Input data START

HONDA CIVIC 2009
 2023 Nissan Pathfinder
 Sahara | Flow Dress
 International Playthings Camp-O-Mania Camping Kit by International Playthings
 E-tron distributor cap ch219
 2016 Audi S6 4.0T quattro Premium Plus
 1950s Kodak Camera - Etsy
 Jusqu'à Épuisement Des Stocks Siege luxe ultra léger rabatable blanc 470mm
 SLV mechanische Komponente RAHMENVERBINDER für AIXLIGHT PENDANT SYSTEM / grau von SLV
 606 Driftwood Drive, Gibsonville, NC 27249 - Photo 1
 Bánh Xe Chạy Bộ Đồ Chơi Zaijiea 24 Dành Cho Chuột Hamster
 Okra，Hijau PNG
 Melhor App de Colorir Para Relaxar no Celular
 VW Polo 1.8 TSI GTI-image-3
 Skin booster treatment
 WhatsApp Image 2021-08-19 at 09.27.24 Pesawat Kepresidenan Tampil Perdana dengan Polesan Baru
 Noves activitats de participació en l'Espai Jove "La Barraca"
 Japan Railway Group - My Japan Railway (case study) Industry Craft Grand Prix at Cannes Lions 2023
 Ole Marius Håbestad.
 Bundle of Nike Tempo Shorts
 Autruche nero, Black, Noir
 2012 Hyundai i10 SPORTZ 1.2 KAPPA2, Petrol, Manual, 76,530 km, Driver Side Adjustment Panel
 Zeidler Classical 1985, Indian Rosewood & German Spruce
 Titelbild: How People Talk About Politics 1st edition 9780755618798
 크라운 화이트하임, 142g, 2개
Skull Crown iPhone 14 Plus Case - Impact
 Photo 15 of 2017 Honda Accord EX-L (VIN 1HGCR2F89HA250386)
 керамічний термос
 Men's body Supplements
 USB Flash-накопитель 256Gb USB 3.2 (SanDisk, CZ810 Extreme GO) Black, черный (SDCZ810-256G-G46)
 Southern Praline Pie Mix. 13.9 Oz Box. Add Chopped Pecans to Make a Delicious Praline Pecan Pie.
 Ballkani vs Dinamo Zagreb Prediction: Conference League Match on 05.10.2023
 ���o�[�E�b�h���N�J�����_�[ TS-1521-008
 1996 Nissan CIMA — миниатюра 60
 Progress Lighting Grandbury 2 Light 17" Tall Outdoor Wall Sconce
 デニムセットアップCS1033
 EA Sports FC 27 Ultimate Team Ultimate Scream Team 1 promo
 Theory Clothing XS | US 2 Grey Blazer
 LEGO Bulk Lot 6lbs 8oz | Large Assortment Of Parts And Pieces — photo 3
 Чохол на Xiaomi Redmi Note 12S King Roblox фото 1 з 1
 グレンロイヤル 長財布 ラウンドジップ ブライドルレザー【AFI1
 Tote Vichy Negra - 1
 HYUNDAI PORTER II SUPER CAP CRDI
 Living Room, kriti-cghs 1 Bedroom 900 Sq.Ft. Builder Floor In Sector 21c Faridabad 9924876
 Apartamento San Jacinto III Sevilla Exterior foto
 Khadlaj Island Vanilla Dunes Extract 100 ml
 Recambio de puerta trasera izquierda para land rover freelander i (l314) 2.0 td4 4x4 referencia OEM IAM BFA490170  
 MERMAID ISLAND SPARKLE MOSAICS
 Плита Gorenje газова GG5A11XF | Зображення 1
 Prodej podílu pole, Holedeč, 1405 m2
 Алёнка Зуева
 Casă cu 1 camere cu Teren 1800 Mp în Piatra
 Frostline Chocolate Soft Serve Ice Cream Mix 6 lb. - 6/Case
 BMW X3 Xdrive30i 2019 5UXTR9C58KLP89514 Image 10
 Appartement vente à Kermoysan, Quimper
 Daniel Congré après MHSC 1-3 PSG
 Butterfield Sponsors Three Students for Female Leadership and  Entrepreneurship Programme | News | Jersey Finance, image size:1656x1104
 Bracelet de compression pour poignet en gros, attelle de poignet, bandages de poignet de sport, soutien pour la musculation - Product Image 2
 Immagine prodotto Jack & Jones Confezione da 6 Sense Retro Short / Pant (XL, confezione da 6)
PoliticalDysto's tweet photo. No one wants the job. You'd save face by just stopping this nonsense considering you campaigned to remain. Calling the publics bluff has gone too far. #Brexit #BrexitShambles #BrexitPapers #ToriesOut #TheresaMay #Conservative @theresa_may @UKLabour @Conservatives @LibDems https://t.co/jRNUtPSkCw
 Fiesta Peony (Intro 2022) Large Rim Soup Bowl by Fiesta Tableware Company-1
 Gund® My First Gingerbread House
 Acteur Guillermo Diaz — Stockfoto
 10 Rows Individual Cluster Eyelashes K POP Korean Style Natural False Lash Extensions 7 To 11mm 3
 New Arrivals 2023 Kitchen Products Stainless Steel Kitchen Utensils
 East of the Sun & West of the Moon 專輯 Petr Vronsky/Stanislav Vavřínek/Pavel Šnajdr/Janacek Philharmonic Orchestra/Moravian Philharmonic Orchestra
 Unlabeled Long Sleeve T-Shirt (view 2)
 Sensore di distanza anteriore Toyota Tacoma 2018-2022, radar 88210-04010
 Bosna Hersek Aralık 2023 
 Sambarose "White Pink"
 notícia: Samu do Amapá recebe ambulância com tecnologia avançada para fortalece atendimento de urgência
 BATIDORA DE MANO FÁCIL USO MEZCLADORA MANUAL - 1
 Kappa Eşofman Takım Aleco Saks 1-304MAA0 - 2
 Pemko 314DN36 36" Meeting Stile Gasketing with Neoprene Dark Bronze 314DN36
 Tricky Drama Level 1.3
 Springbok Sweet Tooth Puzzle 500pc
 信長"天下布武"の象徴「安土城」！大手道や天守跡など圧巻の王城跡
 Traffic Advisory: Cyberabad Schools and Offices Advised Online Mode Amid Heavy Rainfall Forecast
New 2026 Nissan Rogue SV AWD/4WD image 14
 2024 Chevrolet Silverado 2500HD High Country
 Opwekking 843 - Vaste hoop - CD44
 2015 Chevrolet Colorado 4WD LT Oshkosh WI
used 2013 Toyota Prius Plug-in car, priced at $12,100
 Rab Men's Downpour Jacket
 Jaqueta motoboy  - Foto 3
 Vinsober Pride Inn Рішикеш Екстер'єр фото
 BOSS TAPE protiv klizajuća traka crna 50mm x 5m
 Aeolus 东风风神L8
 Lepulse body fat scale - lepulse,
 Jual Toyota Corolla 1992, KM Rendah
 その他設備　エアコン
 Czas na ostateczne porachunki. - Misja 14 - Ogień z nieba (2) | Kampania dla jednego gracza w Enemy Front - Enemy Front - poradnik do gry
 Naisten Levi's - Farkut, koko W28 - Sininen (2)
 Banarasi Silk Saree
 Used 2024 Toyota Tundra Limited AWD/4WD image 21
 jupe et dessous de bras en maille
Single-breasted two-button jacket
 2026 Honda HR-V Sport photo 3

Input data END

### Task objective
Please output exactly the lines between the one holding "Traffic Advisory: Cyberabad" and the one holding "jupe et dessous de bras en maille" in the records above, inclusive, and nothing more.

### Answer for this exercise
 Traffic Advisory: Cyberabad Schools and Offices Advised Online Mode Amid Heavy Rainfall Forecast
New 2026 Nissan Rogue SV AWD/4WD image 14
 2024 Chevrolet Silverado 2500HD High Country
 Opwekking 843 - Vaste hoop - CD44
 2015 Chevrolet Colorado 4WD LT Oshkosh WI
used 2013 Toyota Prius Plug-in car, priced at $12,100
 Rab Men's Downpour Jacket
 Jaqueta motoboy  - Foto 3
 Vinsober Pride Inn Рішикеш Екстер'єр фото
 BOSS TAPE protiv klizajuća traka crna 50mm x 5m
 Aeolus 东风风神L8
 Lepulse body fat scale - lepulse,
 Jual Toyota Corolla 1992, KM Rendah
 その他設備　エアコン
 Czas na ostateczne porachunki. - Misja 14 - Ogień z nieba (2) | Kampania dla jednego gracza w Enemy Front - Enemy Front - poradnik do gry
 Naisten Levi's - Farkut, koko W28 - Sininen (2)
 Banarasi Silk Saree
 Used 2024 Toyota Tundra Limited AWD/4WD image 21
 jupe et dessous de bras en maille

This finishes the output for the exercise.